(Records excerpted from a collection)
[Start of section]

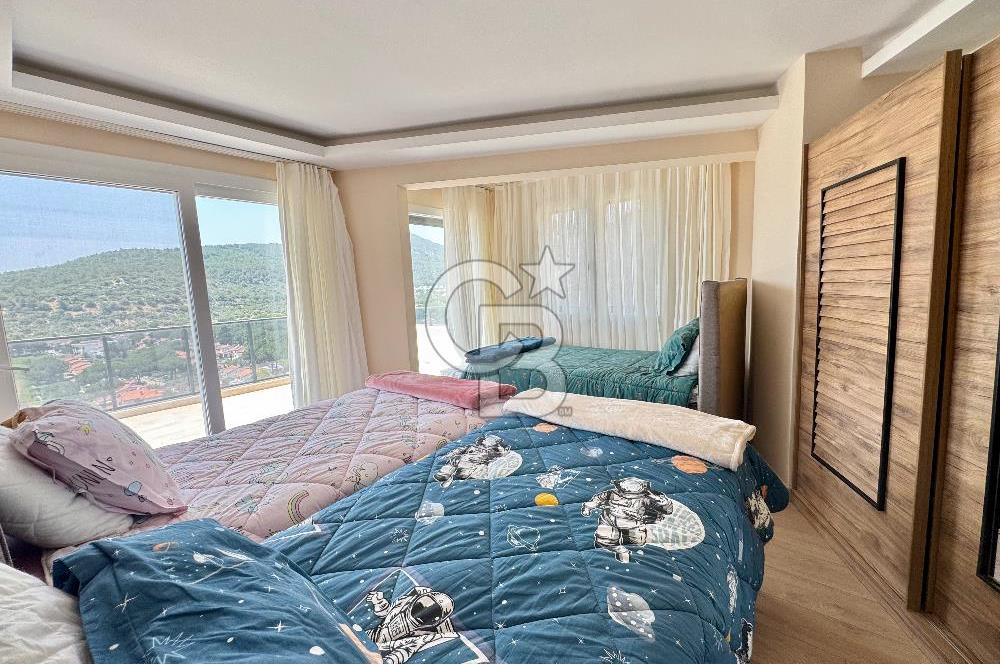 Yoncaköyde Eşsiz Panoramik Deniz Manzaralı Özel Havuzlu Villa 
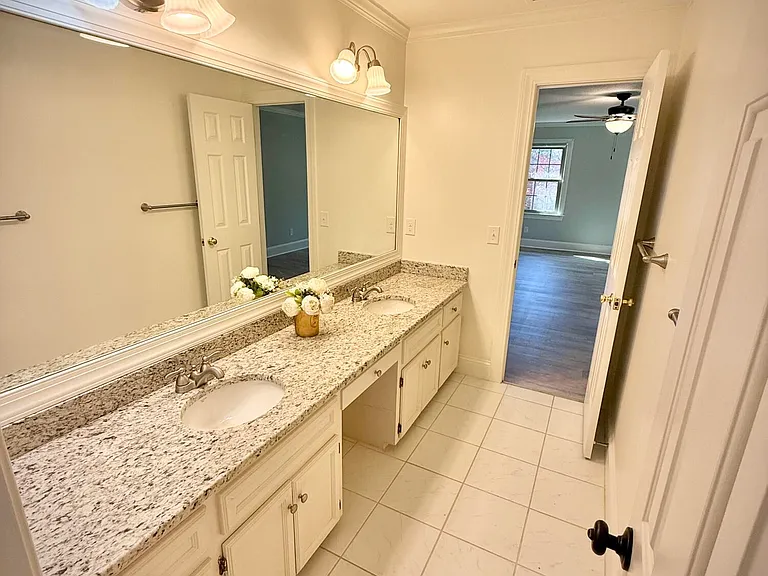 703 Daventry Dr — Photo 47
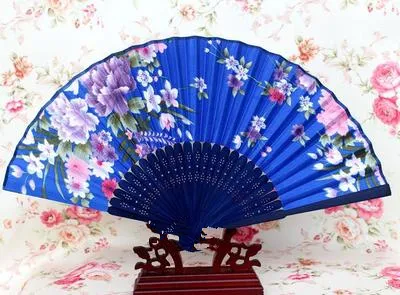 Portable Japanese Fabric Hand Fan Bamboo Floral Craft Silk Folding Fans for Weddings Party Women Favor Fan Wholesale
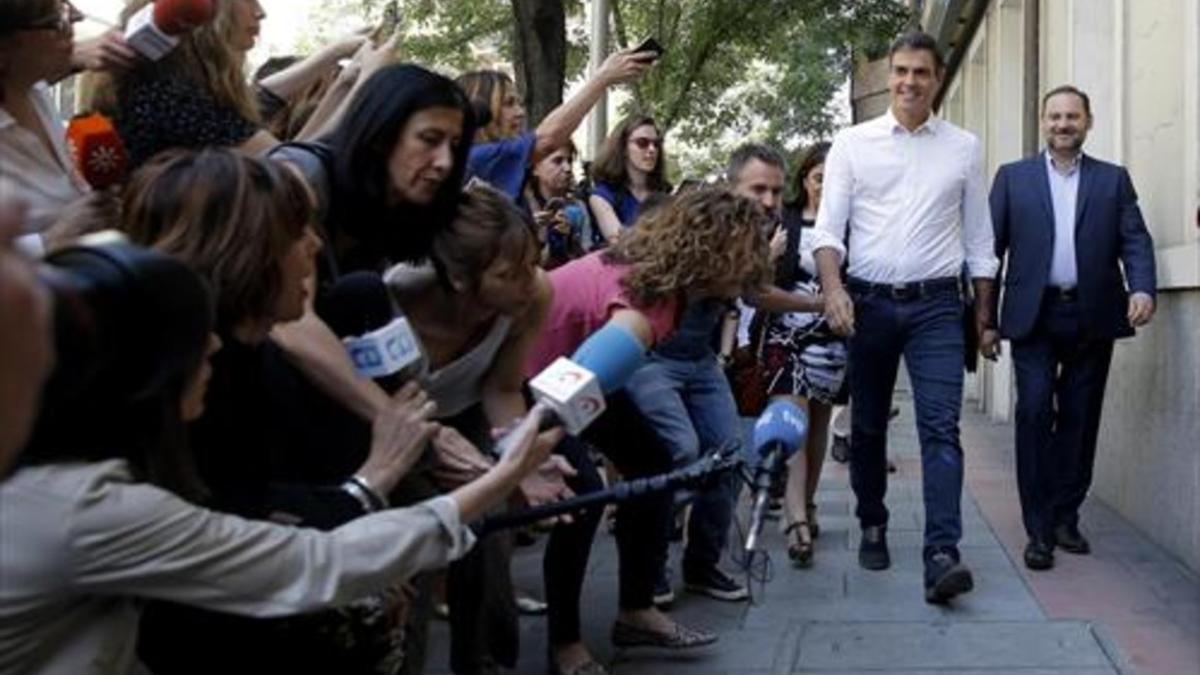 Sánchez y Ábalos, a su llegada a la sede socialista de ferraz, el miércoles.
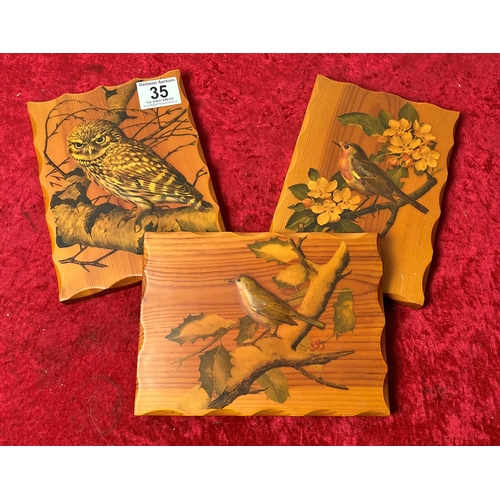 35 - 3x Wooden plaques, depicting birds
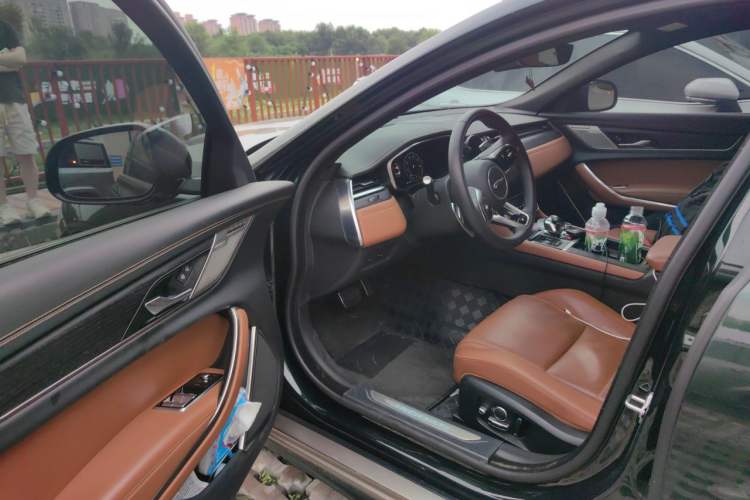 Used Jaguar XFL 2024 2.0T P300 Four-Wheel Drive Flagship Sport Gold Edition Driver Seat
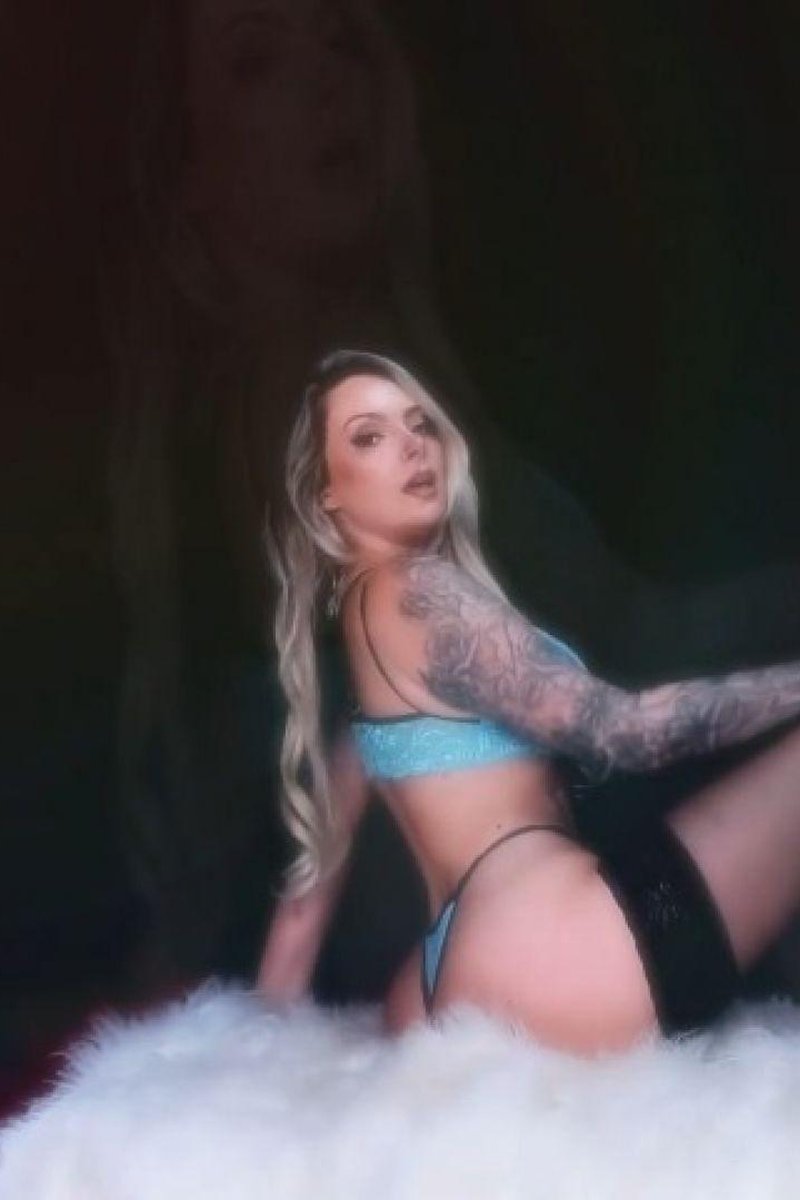 Jerk Off - Screenshot 1 of 4 - Domination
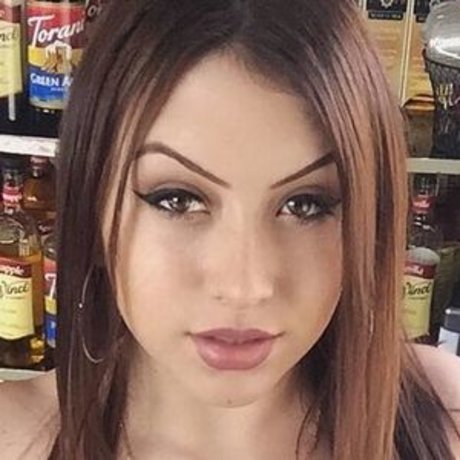 中出し 主観 オンリーファンズ アートxxx 写真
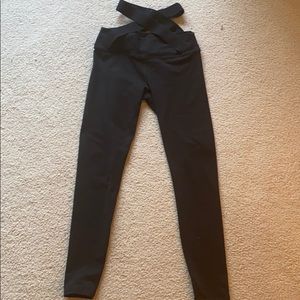 demi lovato crisscross black leggings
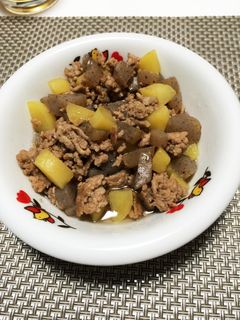 こんにゃくと豚挽肉で作るそぼろ煮-レシピのメイン写真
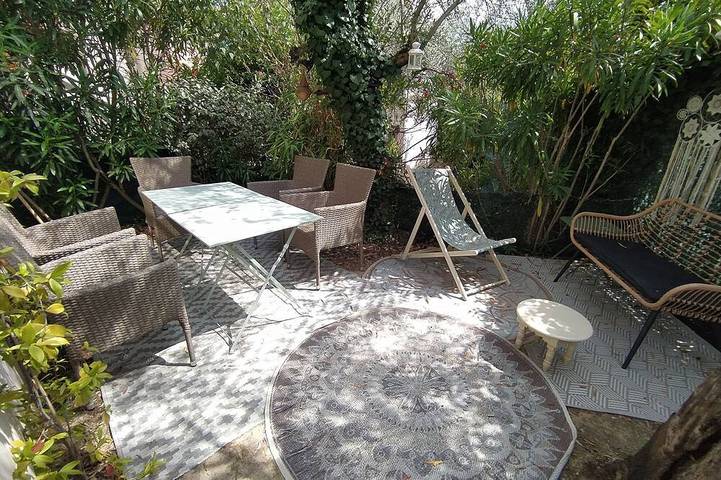 Ferienhaus für 6 Personen, mit Pool und Garten - 1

[End of section]

WHAT THIS TASK INVOLVES: Every line of the records above must reappear exactly, though the pictures must not.

YOUR SOLUTION:
 Yoncaköyde Eşsiz Panoramik Deniz Manzaralı Özel Havuzlu Villa 
 703 Daventry Dr — Photo 47
 Portable Japanese Fabric Hand Fan Bamboo Floral Craft Silk Folding Fans for Weddings Party Women Favor Fan Wholesale
 Sánchez y Ábalos, a su llegada a la sede socialista de ferraz, el miércoles.
 35 - 3x Wooden plaques, depicting birds
 Used Jaguar XFL 2024 2.0T P300 Four-Wheel Drive Flagship Sport Gold Edition Driver Seat
 Jerk Off - Screenshot 1 of 4 - Domination
 中出し 主観 オンリーファンズ アートxxx 写真
 demi lovato crisscross black leggings
 こんにゃくと豚挽肉で作るそぼろ煮-レシピのメイン写真
 Ferienhaus für 6 Personen, mit Pool und Garten - 1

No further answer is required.